For the low abundances, based on Bokulich (2013): Quality-filtering vastly improves diversity estimates from Illumina amplicon sequencing we’d like ensure anything with a relative abundance <0.005% is removed before doing our alpha and beta diversity analyses. I’ve seen that “–p-min-frequency” can be used with “qiime feature-table filter-features” to remove low abundance features from a table. However, I am trying to find a way to do something similar to what was done with the 2013 paper and remove anything at <0.005% after obtaining the relative abundances as follows:

qiime taxa collapse
–i-table table.qza
–i-taxonomy taxonomy.qza
–p-level 6
–o-collapsed-table genus-table.qza
qiime feature-table relative-frequency
–i-table genus-table.qza
–o-relative-frequency-table rel-genus-table.qza
qiime tools export rel-genus-table.qza
–output-dir RelativeAbundanceTables/Genus
cd RelativeAbundanceTables/Genus
biom convert -i feature-table.biom -o rel-genus-table.tsv --to-tsv

Is there a way to do this? If not, I’m not really sure how to equate that 0.005% for --p-min-frequency in the FeatureTable step.

Thanks in advance!

1 Like

You are correct. dada2 dereplicates the sequences, then removes all singletons BEFORE merging. So it is still theoretically possible for singletons to appear after merging, e.g., if some merges fail or if merging denoised sequence pairs results in a unique sequence. The parameter to filter singletons is not exposed, as far as I can tell.

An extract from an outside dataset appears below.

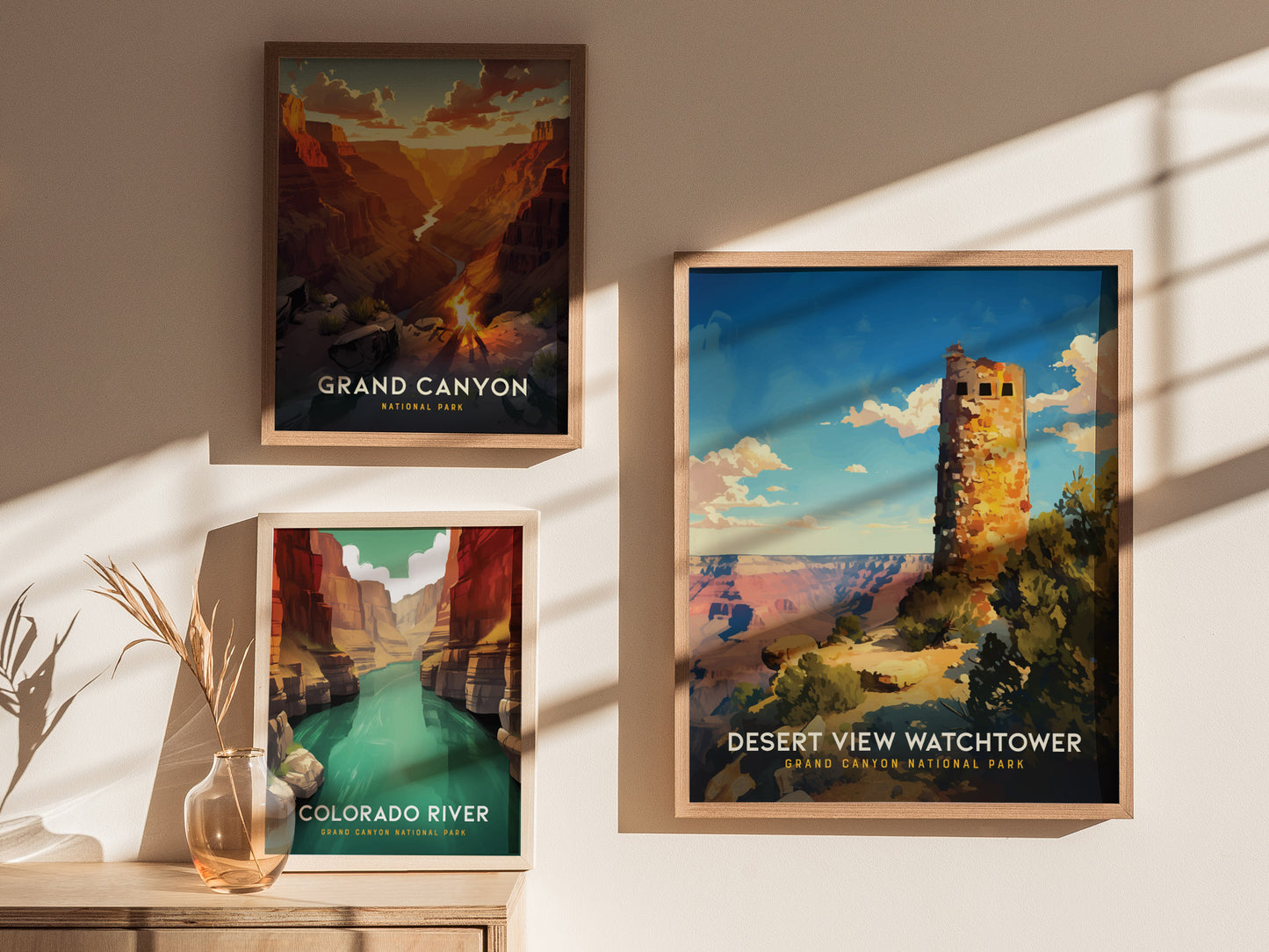Three framed posters on a wall depict scenic views of the Grand Canyon, Colorado River, and Desert View Watchtower, with sunlight casting shadows across them.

The ol’ “Bokulich Method” was designed specifically for OTU clustering. With denoising methods, this abundance-based filtering technique is not necessary. I’ve heard that old man Bokulich doesn’t even use it anymore, unless if he’s clustering OTUs. :wink:

That said, I suppose you may still want to remove rare ASVs out of an abundance of caution:

Use qiime feature-table summarize to figure out the total # of sequences (“total frequency”). Total frequency * 0.00005 = the min frequency you want.

I hope that helps!

4 Likes

Thank you so much @Nicholas_Bokulich! This is very helpful and exactly what I was looking for! :raised_hands:

1 Like

This topic was automatically closed 31 days after the last reply. New replies are no longer allowed.